Qu’est-ce qu’une micro-station d’épuration ?
Une micro-station d’épuration est un dispositif compact d’assainissement autonome qui reproduit, à petite échelle, le processus d’épuration biologique des stations d’épuration urbaines. Conçue pour traiter les eaux usées domestiques des habitations non raccordées au réseau d’assainissement collectif, elle représente une solution tout-en-un qui intègre l’ensemble des étapes de traitement des effluents.

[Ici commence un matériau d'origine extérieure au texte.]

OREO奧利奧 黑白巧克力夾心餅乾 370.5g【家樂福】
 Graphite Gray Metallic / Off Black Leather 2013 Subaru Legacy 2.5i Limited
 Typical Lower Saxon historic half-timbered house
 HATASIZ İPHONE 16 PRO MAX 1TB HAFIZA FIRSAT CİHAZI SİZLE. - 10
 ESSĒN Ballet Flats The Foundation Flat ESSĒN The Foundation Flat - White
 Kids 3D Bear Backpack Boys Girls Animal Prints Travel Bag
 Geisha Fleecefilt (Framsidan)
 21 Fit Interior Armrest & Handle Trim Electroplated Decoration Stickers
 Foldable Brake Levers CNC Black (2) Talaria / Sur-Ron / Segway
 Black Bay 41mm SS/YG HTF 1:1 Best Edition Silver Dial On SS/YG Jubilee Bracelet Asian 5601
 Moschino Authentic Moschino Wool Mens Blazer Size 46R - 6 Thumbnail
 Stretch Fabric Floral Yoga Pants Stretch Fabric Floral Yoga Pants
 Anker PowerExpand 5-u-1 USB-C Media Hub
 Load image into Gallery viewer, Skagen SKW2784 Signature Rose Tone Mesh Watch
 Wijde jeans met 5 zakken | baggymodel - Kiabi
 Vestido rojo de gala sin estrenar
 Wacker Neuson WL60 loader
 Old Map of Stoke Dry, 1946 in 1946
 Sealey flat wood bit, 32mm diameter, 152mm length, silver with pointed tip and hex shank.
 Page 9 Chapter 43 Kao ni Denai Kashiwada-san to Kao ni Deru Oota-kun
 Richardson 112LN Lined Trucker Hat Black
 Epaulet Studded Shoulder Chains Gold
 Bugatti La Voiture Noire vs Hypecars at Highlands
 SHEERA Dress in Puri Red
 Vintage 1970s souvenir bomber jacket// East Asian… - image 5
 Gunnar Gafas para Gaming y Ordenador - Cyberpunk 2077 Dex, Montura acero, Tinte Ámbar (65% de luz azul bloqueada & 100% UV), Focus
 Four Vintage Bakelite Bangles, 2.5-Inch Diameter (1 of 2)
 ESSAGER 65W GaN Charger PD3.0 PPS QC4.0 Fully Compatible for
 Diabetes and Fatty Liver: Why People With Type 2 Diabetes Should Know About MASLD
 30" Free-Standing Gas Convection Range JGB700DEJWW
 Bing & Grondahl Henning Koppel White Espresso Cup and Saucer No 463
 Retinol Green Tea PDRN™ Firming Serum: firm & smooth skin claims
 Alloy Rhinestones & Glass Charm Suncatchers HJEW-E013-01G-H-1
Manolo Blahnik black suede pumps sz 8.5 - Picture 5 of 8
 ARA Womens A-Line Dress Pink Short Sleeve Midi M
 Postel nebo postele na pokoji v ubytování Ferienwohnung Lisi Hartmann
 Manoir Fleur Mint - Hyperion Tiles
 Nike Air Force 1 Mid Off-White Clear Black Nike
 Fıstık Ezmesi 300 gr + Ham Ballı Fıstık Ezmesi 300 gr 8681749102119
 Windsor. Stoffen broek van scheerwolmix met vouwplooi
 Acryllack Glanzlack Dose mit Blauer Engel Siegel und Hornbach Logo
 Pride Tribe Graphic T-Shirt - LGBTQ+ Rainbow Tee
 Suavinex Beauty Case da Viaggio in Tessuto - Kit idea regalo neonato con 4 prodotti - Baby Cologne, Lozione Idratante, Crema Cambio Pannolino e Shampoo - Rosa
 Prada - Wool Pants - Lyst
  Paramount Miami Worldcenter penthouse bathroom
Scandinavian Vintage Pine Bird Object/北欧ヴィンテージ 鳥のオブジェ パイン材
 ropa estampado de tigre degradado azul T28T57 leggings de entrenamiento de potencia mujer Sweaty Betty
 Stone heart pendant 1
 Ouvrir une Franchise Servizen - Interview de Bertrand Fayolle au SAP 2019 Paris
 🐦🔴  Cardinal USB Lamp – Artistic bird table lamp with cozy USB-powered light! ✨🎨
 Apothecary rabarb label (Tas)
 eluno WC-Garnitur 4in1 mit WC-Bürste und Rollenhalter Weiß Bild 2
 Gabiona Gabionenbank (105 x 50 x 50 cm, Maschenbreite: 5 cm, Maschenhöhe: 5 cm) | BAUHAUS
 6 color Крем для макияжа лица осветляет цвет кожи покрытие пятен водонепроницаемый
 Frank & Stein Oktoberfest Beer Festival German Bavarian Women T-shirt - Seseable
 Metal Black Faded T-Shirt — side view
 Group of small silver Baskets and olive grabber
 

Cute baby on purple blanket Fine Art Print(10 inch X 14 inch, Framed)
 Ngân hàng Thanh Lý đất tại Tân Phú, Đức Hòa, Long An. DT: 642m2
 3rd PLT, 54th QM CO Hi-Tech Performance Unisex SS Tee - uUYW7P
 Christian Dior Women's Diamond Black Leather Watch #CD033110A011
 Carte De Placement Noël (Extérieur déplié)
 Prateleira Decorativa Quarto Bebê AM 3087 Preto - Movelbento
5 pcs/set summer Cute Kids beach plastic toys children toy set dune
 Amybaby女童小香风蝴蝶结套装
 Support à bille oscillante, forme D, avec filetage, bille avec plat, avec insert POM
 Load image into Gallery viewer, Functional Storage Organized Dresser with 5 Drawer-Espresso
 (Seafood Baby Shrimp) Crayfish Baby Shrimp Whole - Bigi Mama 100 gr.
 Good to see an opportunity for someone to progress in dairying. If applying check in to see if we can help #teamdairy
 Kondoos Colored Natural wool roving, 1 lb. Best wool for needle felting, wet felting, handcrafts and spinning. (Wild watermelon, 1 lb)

Contrairement à la fosse septique traditionnelle qui se contente principalement d’une phase de prétraitement, la microstation assure un traitement complet des eaux usées grâce à un processus biologique avancé. Ce système compact nécessite généralement une superficie d’environ 5 m² seulement, ce qui représente un avantage considérable pour les terrains à espace limité.
Les micro-stations sont disponibles en différentes capacités, généralement exprimées en Équivalents-Habitants (EH), permettant ainsi de s’adapter aux besoins spécifiques de chaque foyer, qu’il s’agisse d’une petite maison individuelle ou d’un ensemble résidentiel plus important.
Principe de fonctionnement d’une micro-station
Le fonctionnement d’une micro-station repose sur un processus d’épuration en trois phases distinctes, assurant un traitement efficace des eaux usées domestiques :
Phase 1 : Décantation primaire
Dans le décanteur primaire, les eaux usées subissent un premier traitement physique. Les matières solides les plus lourdes se déposent au fond, formant ce qu’on appelle les boues primaires. Les graisses et autres éléments flottants remontent à la surface, créant une couche de flottants qui sera également traitée.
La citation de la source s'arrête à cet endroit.